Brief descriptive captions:
------------------------------------------------

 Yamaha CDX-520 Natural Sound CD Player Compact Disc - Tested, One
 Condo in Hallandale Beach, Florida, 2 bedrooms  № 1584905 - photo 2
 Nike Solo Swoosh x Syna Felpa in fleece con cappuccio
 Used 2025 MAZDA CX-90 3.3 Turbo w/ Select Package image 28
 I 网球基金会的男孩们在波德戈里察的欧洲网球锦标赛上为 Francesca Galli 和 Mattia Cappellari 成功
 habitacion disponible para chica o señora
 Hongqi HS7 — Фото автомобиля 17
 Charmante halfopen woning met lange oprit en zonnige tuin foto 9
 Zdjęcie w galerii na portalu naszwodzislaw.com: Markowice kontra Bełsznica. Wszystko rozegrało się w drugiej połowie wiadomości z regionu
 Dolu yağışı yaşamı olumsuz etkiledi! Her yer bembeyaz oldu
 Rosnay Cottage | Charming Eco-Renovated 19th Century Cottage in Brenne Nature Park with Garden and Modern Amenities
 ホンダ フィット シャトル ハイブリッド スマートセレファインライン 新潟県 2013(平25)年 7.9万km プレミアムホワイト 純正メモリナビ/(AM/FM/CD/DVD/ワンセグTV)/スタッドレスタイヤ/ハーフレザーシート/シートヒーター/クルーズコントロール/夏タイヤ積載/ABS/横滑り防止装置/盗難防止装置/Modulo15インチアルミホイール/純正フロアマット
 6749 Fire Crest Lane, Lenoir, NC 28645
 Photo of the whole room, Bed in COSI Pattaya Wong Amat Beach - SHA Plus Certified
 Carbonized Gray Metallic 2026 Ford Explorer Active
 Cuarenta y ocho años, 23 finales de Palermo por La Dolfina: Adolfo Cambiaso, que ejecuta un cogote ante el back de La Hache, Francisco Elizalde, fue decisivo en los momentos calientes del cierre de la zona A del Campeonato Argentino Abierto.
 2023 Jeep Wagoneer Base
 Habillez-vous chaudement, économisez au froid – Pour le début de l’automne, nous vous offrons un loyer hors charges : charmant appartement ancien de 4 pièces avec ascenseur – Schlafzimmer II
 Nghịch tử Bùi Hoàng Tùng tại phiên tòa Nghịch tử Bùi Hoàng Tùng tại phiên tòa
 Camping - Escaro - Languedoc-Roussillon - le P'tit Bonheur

------------------------------------------------

> [Aim of the task]: Select every line in the records above that contains the word "Beach".

> [Reply to the task]:
 Condo in Hallandale Beach, Florida, 2 bedrooms  № 1584905 - photo 2
 Photo of the whole room, Bed in COSI Pattaya Wong Amat Beach - SHA Plus Certified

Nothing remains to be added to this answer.